Facilitated by SAMS Missionaries Nathan and Erika Twichell, an Agape Year experience provides space and time for young adults embarking on adult life to slow down and dig into the hope of the Gospel. For nine months, “Fellows” take a “gap” between high school and college to focus on Christian mission in Pennsylvania and Thailand. Nathan and Erika recently escorted the current Fellows, named Christian and Nate, across the globe after a season of ministry and study in Pittsburgh. In the city of Chiang Mai, Thailand, Christian and Nate get to come alongside the Asian staff of St. Andrew’s Church Community Learning Center in fostering relationships with locals to share the hope of Christ. Christian and Nate teach English language classes at the Community Learning Center and spend time with people of the community. As they share knowledge and the love of God, Agape Year Fellows get to be mentored by Asian church leaders in an international context.
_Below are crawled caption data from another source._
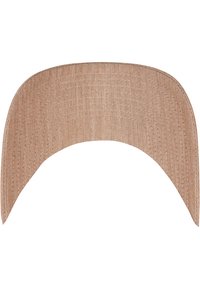 Beige kangas päikeseprillide visor, millel on kumer kuju, tikitud detailid ja tekstuuriga pind. Kujundatud päikesekaitseks ja mugavuseks.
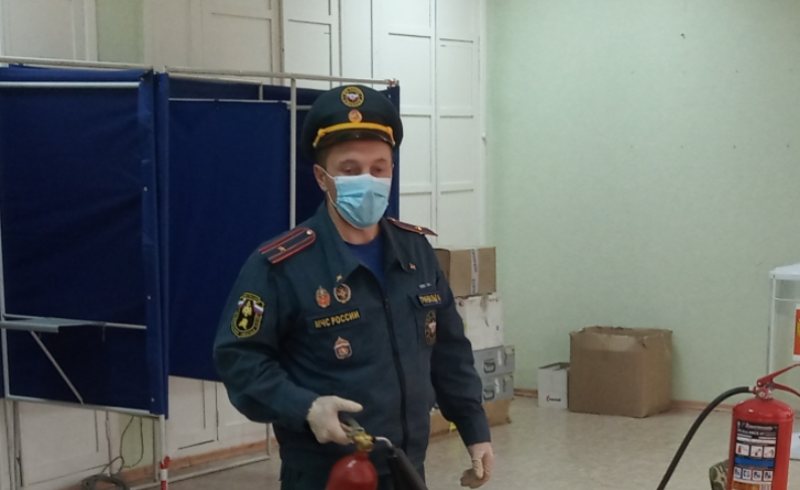 Сотрудники МЧС уже проинспектировали избирательные участки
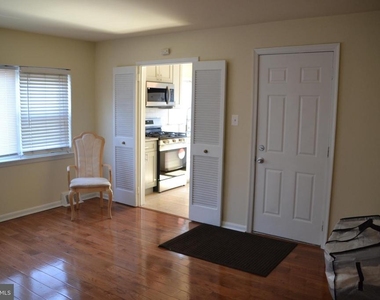 246 Ardmore Avenue - Photo Thumbnail 3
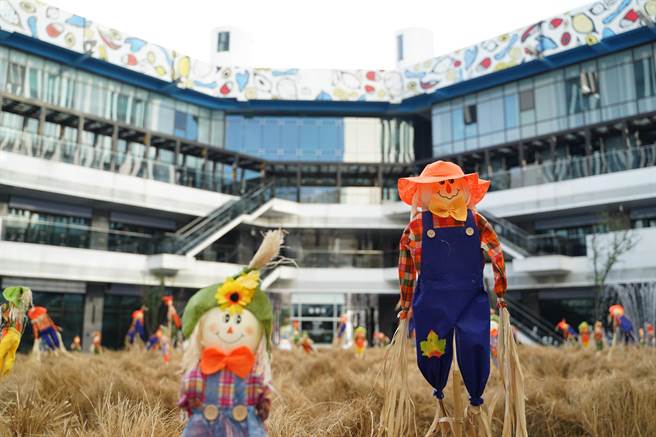 大里藝術廣場豎立150個稻草人，相當壯觀，曝光後吸引許多民眾搶著拍照。（讀者提供／張妍溱台中傳真）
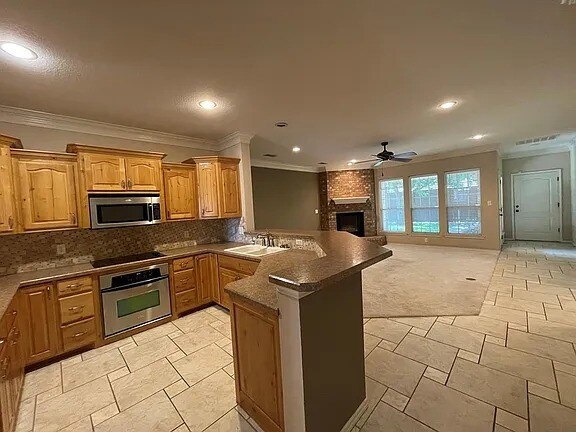 Building Photo - Comfy 3 bd/2 bth home in quiet neighborhood. Walk to the grocery store. 10 minutes to downtown. A...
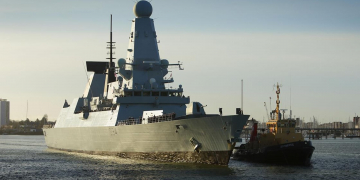Великобритания направила военный корабль в Персидский залив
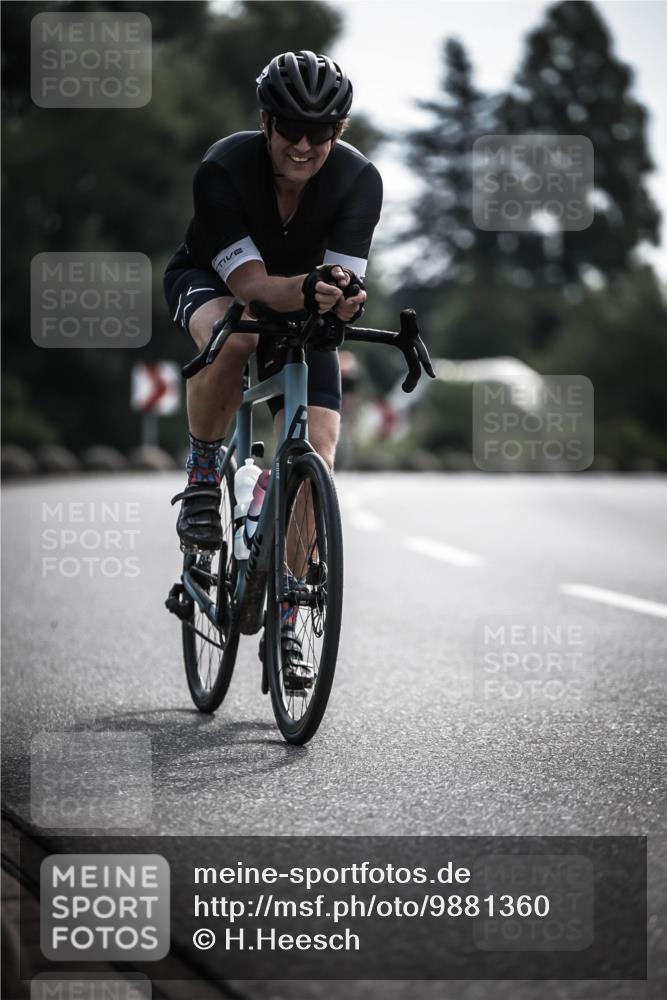 21.06.2026 - 29. Vierlanden-Triathlon H.Heesch http://msf.ph/oto/9881360 21.06.2026 09:15:48 Radfahren 62, 128, 177 meine-sportfotos.de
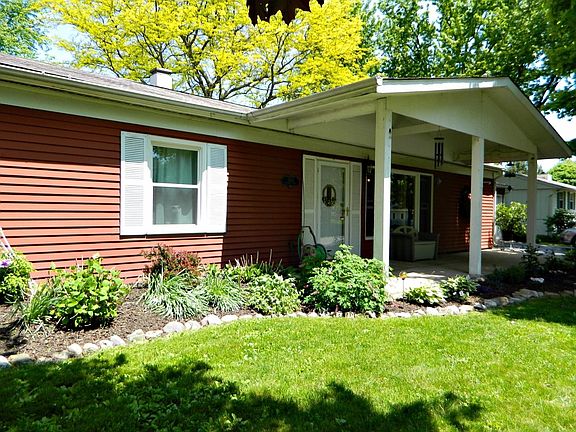 2nd image of 2601 Oakwood Dr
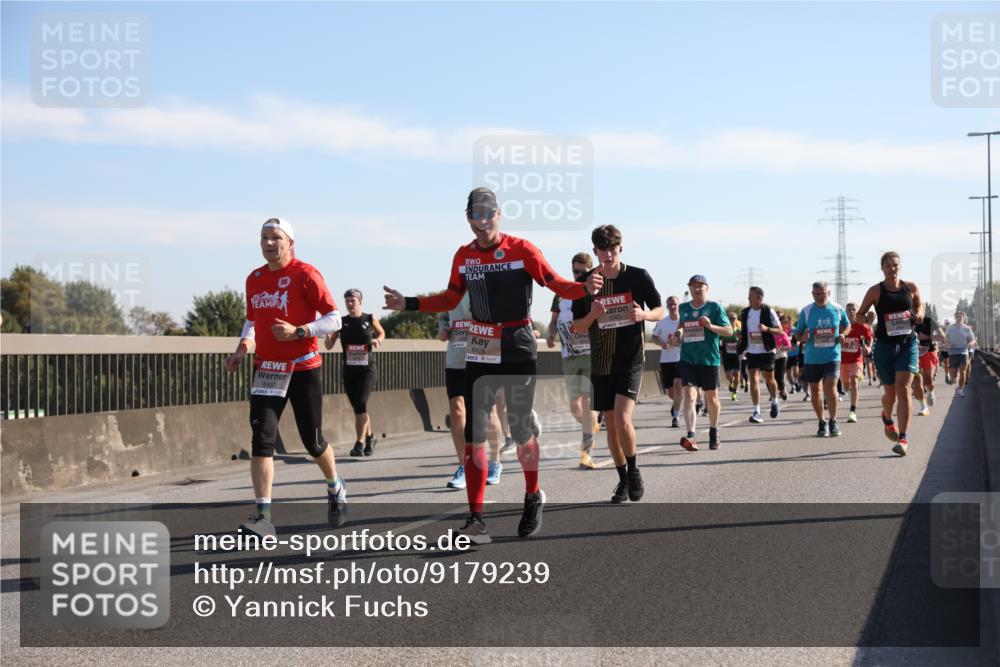 03.10.2025 - Köhlbrandbrückenlauf Yannick Fuchs http://msf.ph/oto/9179239 03.10.2025 11:19:12 Position 3 6432, 6428 meine-sportfotos.de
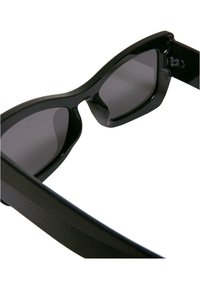 Urban Classics TOKIO - Aurinkolasit - black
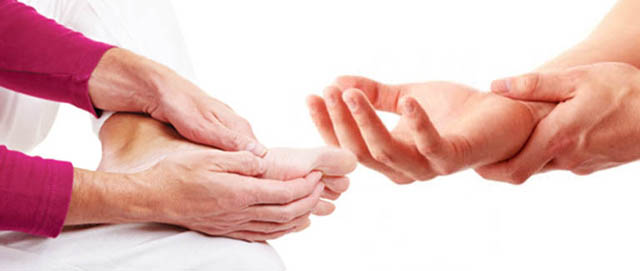 Bệnh tê tay chân và cách điều trị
Nathan Twichell describes the spiritual wealth of this experience: “Thailand is 1% Christian. People in church aren’t there because they have a family heritage of Christian faith. Church for them is not cultural; they are mostly first-generation Christians. So for our Fellows this is an opportunity to spend two months with Christians for whom involvement in church is costly.” For Americans, the Christian faith is often something partially inherited. In contrast, being a Christian in Thailand is highly abnormal. The Fellows’ experiences working closely in mission with Asian Christians helps to clarify faith: What in my Christian perspective is more from Western culture? Versus, what in my Christian perspective is core to the Gospel?

Agape Year is an opportunity to see God’s kingdom through the lens of another part of the body of Christ. As they lead a team to Thailand each year, Nathan and Erika tell the Fellows and their own young children: “We are going to Thailand to see family” – the family of God. Fellows spend earlier parts of their gap year ministering in Pittsburgh to international expatriates and the homeless. This adds up to eight months spent with “others” from a different culture. What can God teach someone about the core of the Biblical Gospel in these foreign contexts? Agape Year is a rich, formative experience for the Fellows as they embark on life after high school.

This week, Fellows Christian and Nate embark on a week-long trip to a remote village (without running water) in Thailand with church leaders of St. Andrew’s Parish, followed by debriefing. Please lift them up in prayer, that they would draw closer to God through this experience and that the people in the village would see the light of Christ in them.